Tech & Nature: Startups haben auch ein anderes Problem. Gerade am Anfang haben sie wenig Zeit und Ressourcen. Wie kommt man denn auf eine umfassende Strategie? Worauf sollte man achten?

Nunu Kaller: Ich glaube, da geht es gar nicht darum, dass man sagt, wir brauchen länger um unsere Strategie auf Nachhaltigkeit aufzubauen. Sondern das man von vornerein unter anderen Voraussetzungen an das ganze Konzept herangeht. Wenn man das von vorne herein mitdenkt, ist es die gleiche Arbeit. Nur die Perspektive ist eine andere. Natürlich ist auch hier wieder die Frage, wo kann ich mich informieren?

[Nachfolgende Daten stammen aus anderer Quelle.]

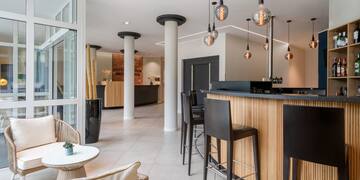 a bar with chairs and a table in a room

Wo muss ich die Nachhaltigkeit mitdenken? Da ist einfach das Allerwichtigste: Schau auf dein Kerngeschäft, schau womit du deinen Umsatz machst und das ist der punkt, wo du nach Verbesserungen suchen musst. Es ist natürlich schön, wenn man sagt, mit jedem Produkt, dass du bei mit kaufst, pflanze ich einen Baum. Wenn das Produkt aber nicht nachhaltig ist, ist dabei natürlich nicht viel gewonnen.

Tech & Nature: Wie mache ich ein Produkt nachhaltig?

Nunu kaller: Das ist so schwer zu beantworten. Das ist total abhängig vom Produkt und so eine ganz individuelle Geschichte.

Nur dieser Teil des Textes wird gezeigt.